### Short descriptive text snippets
((

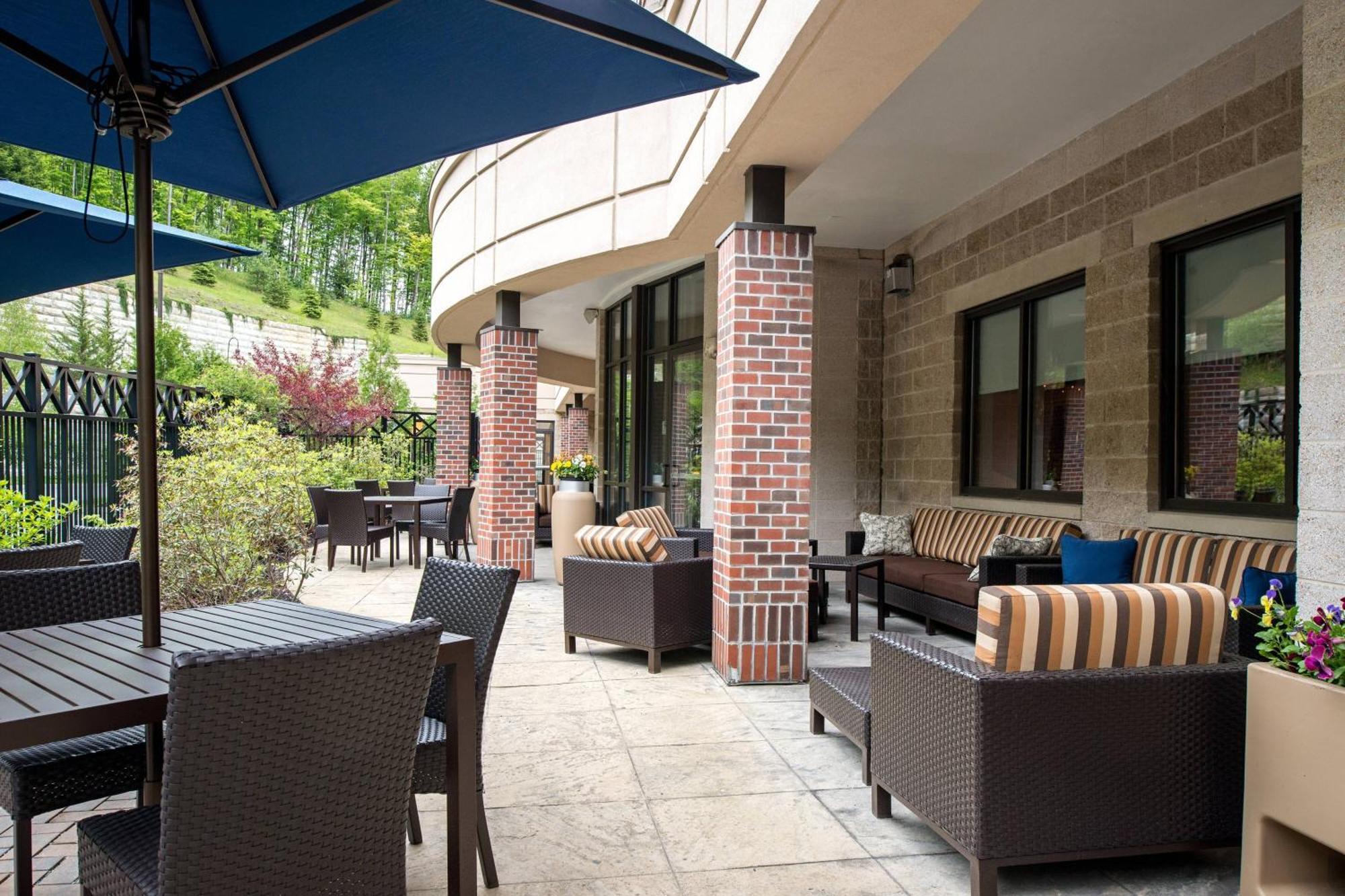 Courtyard By Marriott Hanover Lebanon Ngoại thất bức ảnh
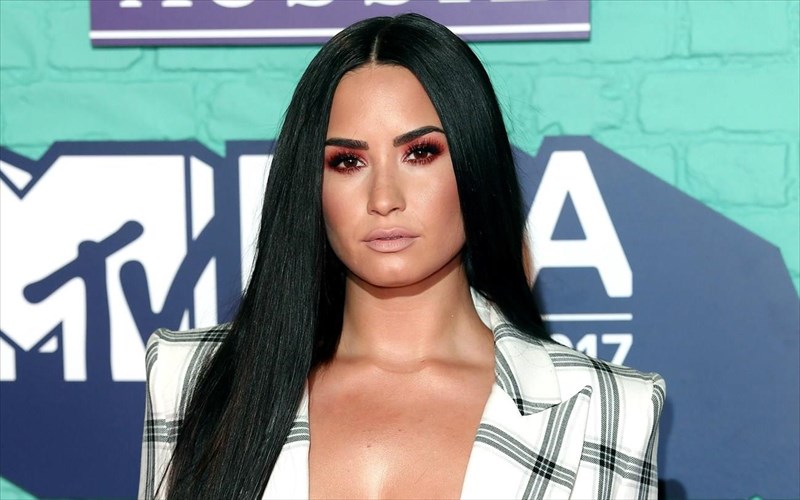 ti-sumbolizei-to-neo-tatouaz-tis-demi-lovato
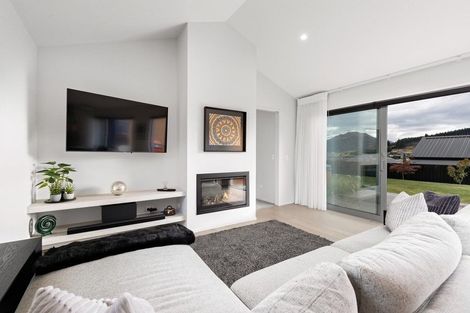 Photo of property in 8 The Heights Avenue, Wanaka, 9305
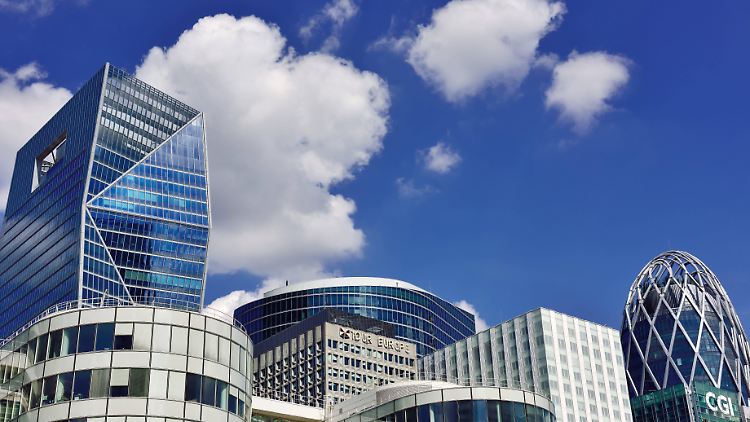 In Frankreich werden bürokratische Hürden für Jungunternehmer abgebaut, Gründer und Investoren vom Staat zusammengebracht.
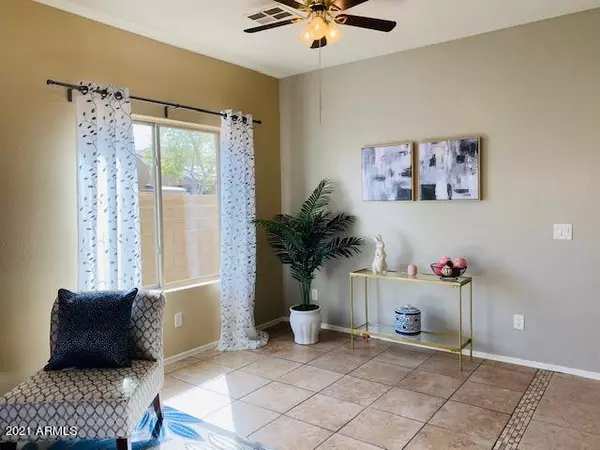 Tolleson, AZ 85353,9403 W ILLINI Street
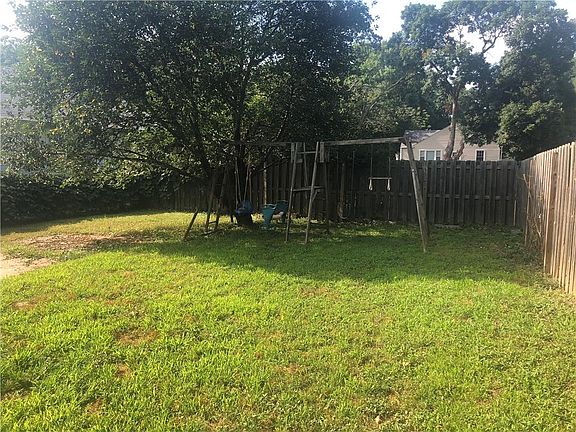 3rd image of 1708 S 24th St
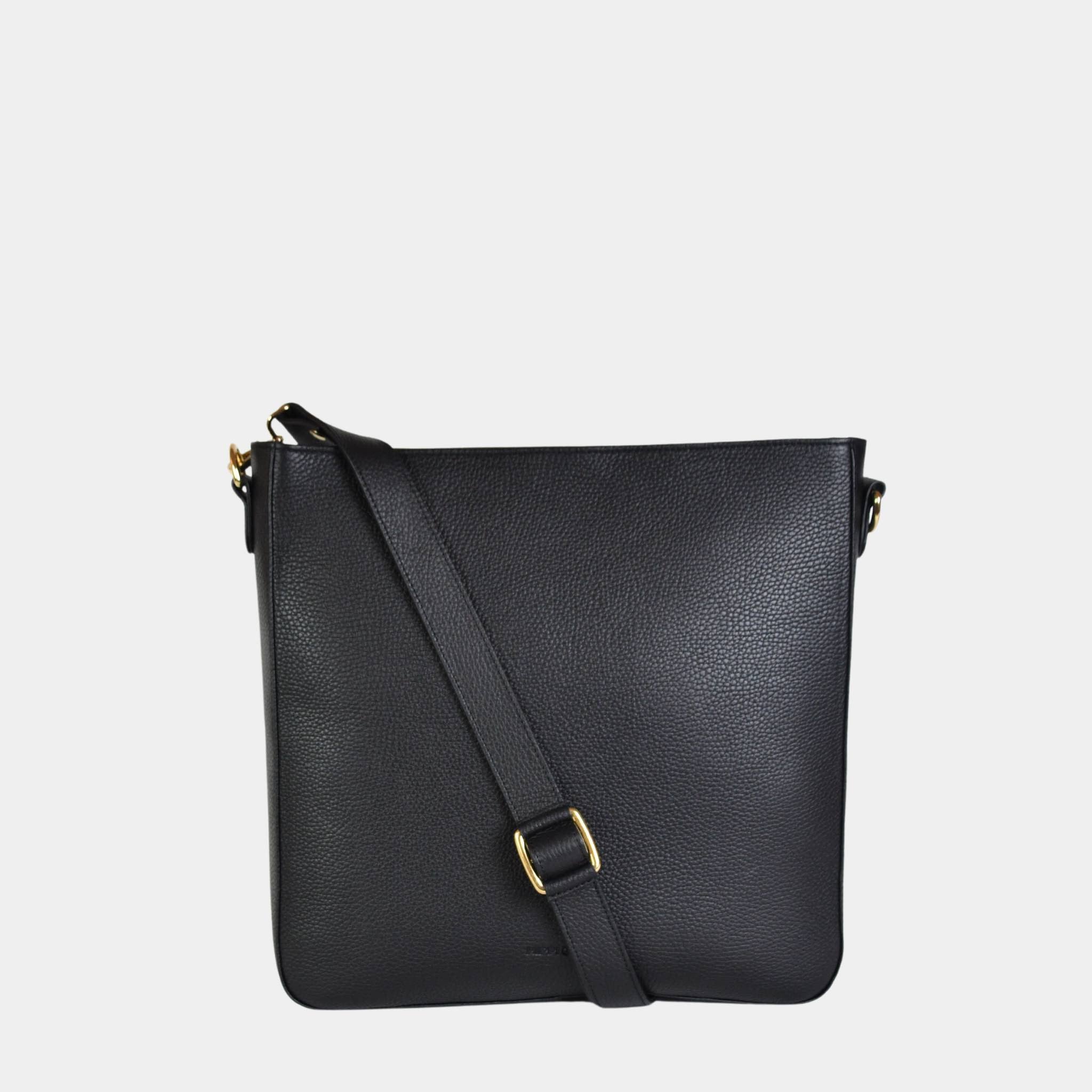 Veske i kvalitetsskinn, crossbody skulderstropp, glidelås-lukning i topp. Norsk Design. Hippi Grace Copenhagen i klassisk sort er en stor veske til dame laget av ekte skinn. Skinnvesken kommer med en regulerbar crossbody stropp, og har et romslig interiør med flere lommer og glidelås lukking i topp. Den passer perfekt som jobbveske, skoleveske, hverdagsveske eller reiseveske. Mørkegrønn veske dame. Grønn veske i ekte skinn. Norsk design. 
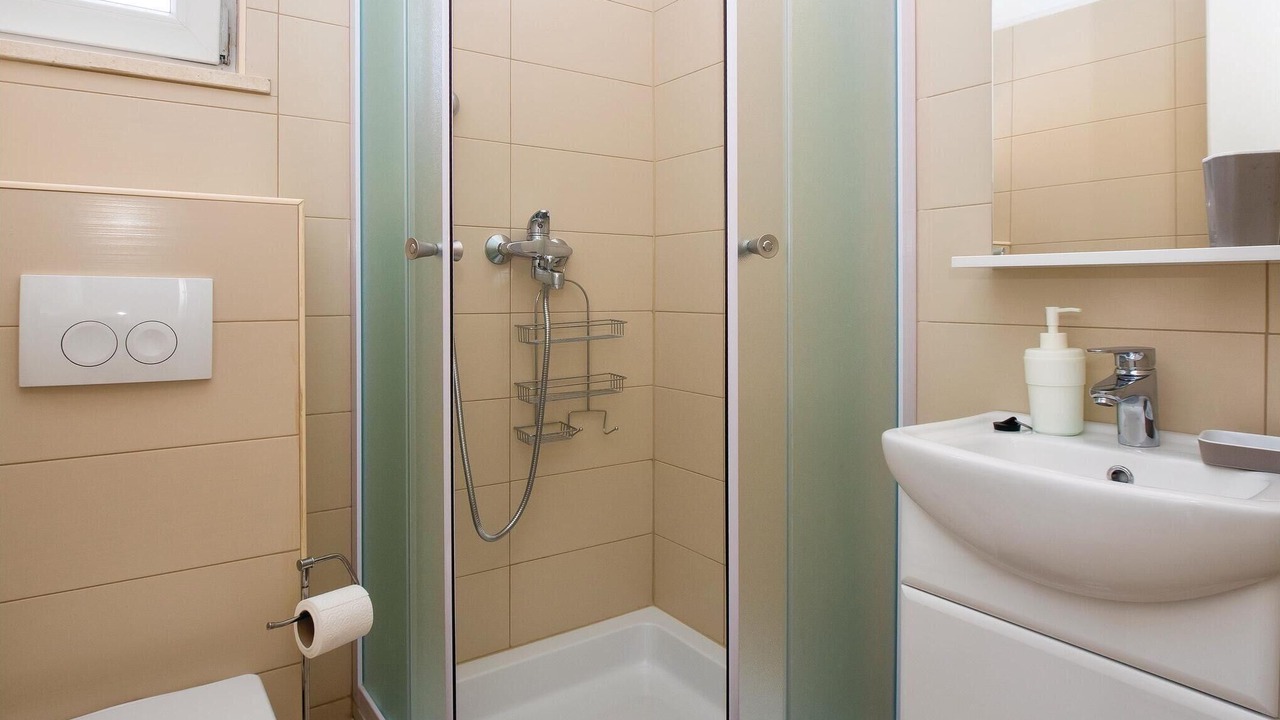 Photo of Bathroom in Cove Makarac (Milna)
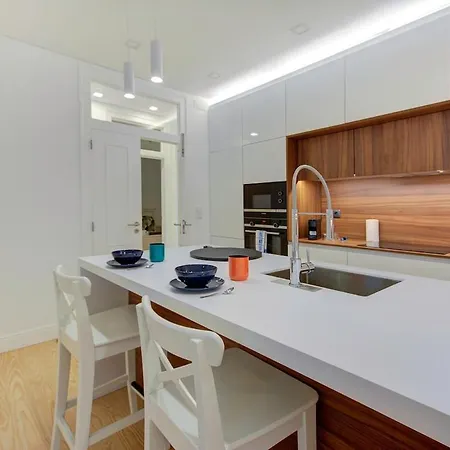 Modern And Spacious Delight In Estrela By Innkeeper Apartmán Lisboa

))

### Exercise objective
Your answer must be the lines from the one containing "Veske i kvalitetsskinn, crossbody" through the last line of the records, both included, written out exactly and without pictures.

### Written reply
 Veske i kvalitetsskinn, crossbody skulderstropp, glidelås-lukning i topp. Norsk Design. Hippi Grace Copenhagen i klassisk sort er en stor veske til dame laget av ekte skinn. Skinnvesken kommer med en regulerbar crossbody stropp, og har et romslig interiør med flere lommer og glidelås lukking i topp. Den passer perfekt som jobbveske, skoleveske, hverdagsveske eller reiseveske. Mørkegrønn veske dame. Grønn veske i ekte skinn. Norsk design. 
 Photo of Bathroom in Cove Makarac (Milna)
 Modern And Spacious Delight In Estrela By Innkeeper Apartmán Lisboa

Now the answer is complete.